** Opening GIVEN RECORDS block **

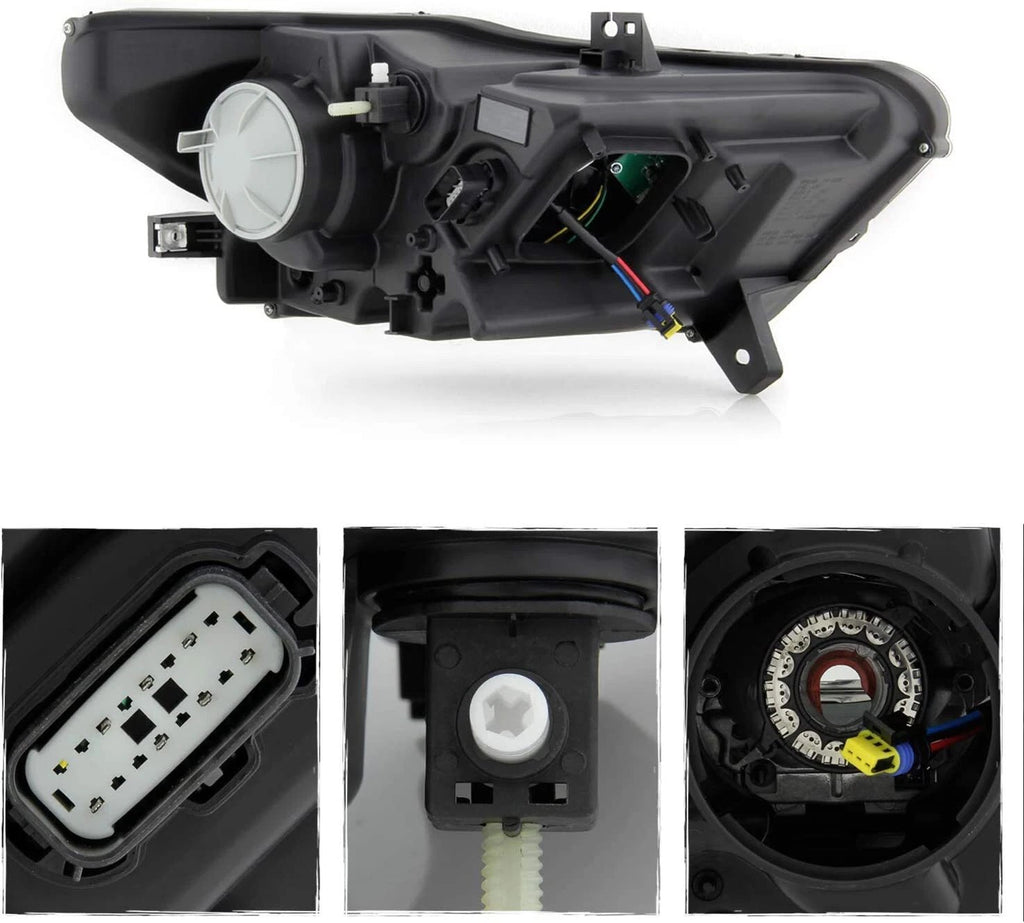 Left HID headlight side angle for 2015-2017 Ford Mustang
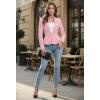 image:imageHybrid amp Company Womens Casual Work Office Elegant Open Front Premium Nylon Blazer JacketJk1135blush
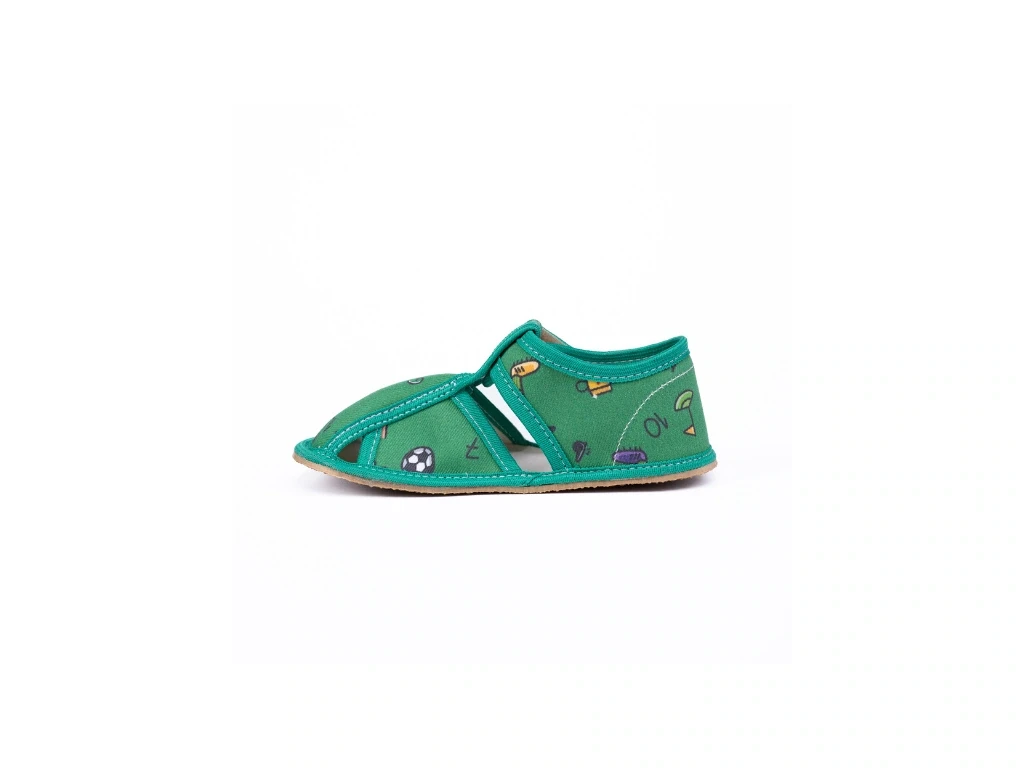 Тапочки Baby Bare Slippers — зелёный (детские), фото 4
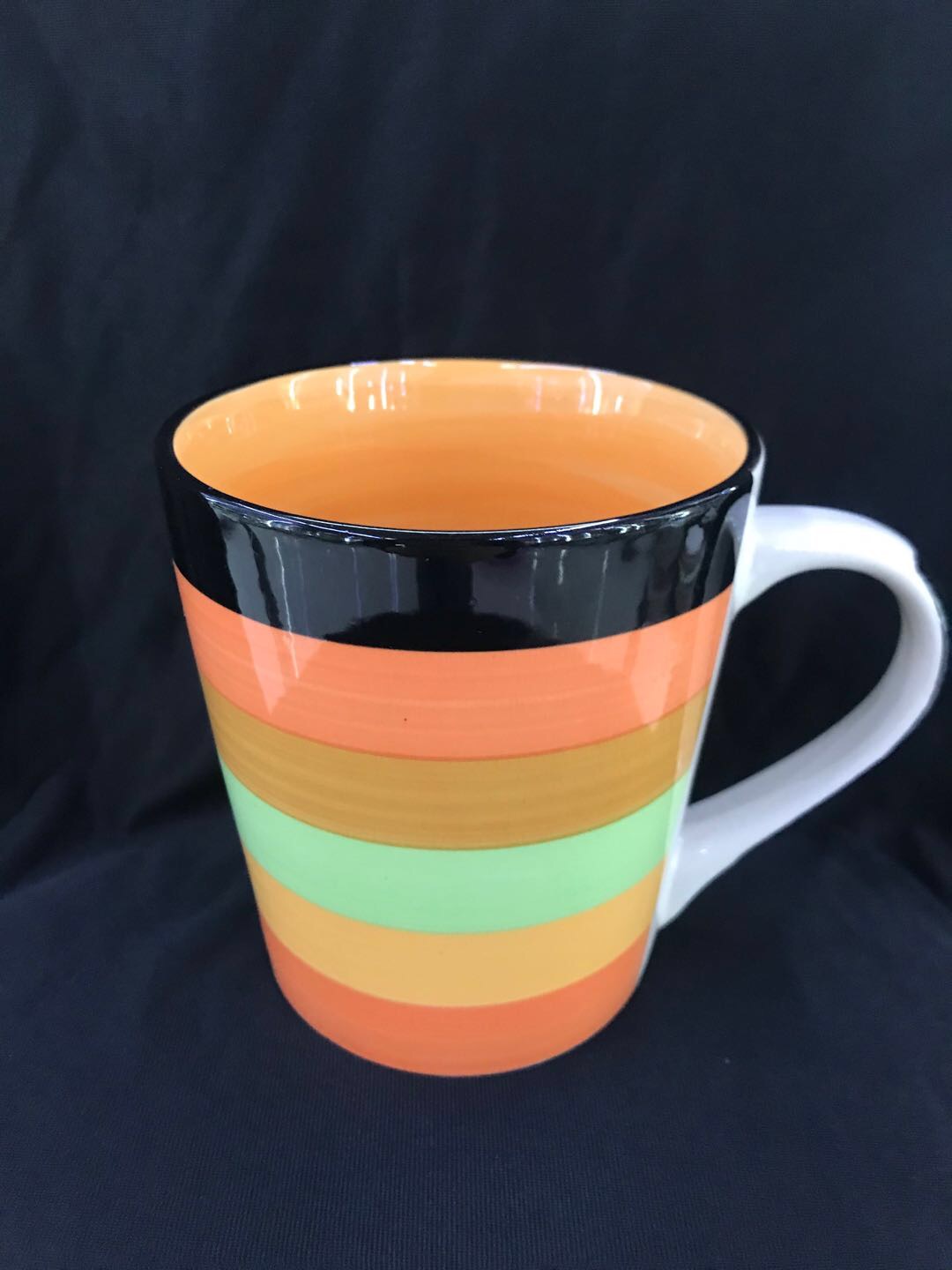 Fashionable New Color Small T-Shaped Ceramic Cup Specification drawing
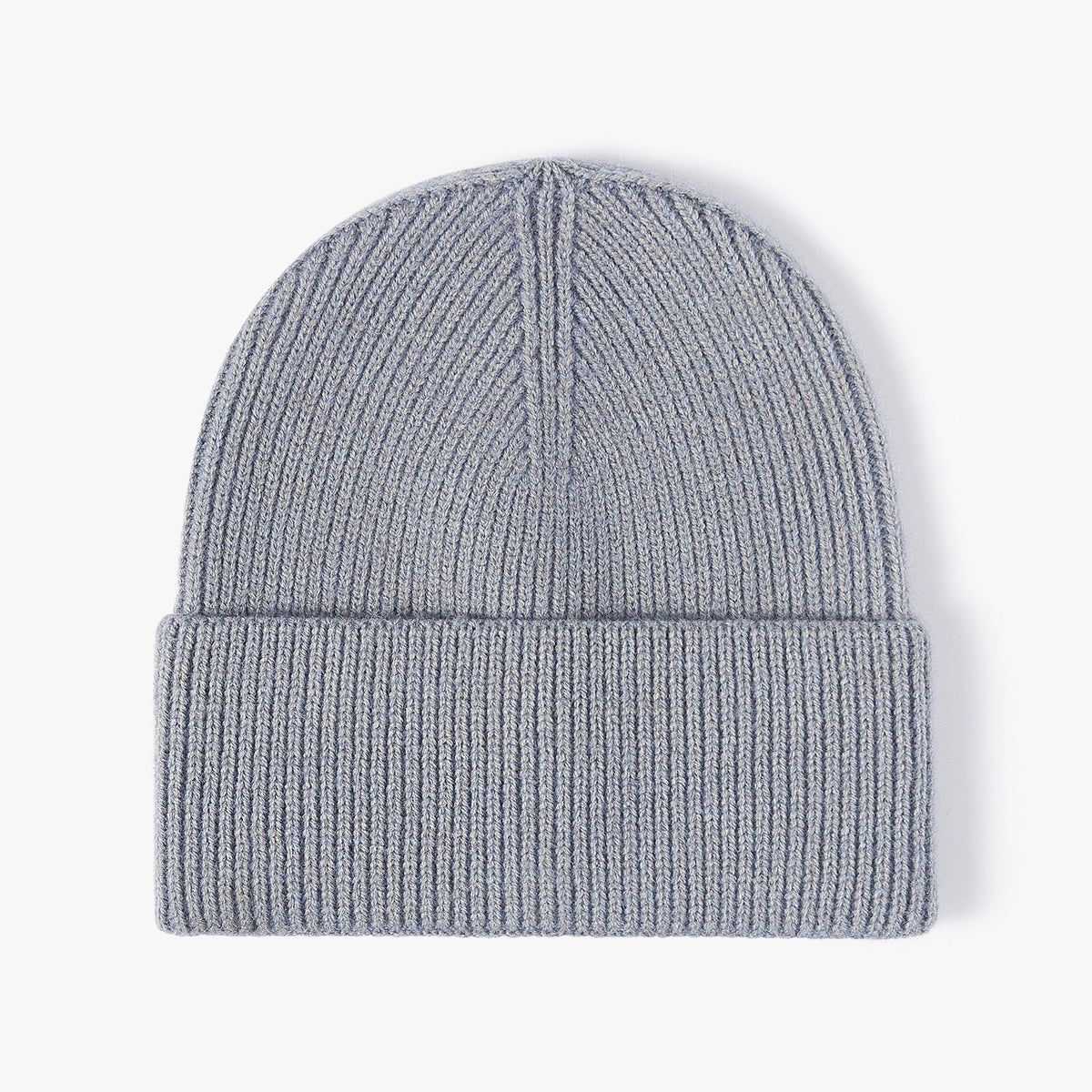 Green Beanie Wool Knit Winter Hat Dark Forest Cap for Men Women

** Closing GIVEN RECORDS block **

YOUR TASK:
Your job is to copy every entry exactly. Omit the pictures.

RESULT:
 Left HID headlight side angle for 2015-2017 Ford Mustang
 image:imageHybrid amp Company Womens Casual Work Office Elegant Open Front Premium Nylon Blazer JacketJk1135blush
 Тапочки Baby Bare Slippers — зелёный (детские), фото 4
 Fashionable New Color Small T-Shaped Ceramic Cup Specification drawing
 Green Beanie Wool Knit Winter Hat Dark Forest Cap for Men Women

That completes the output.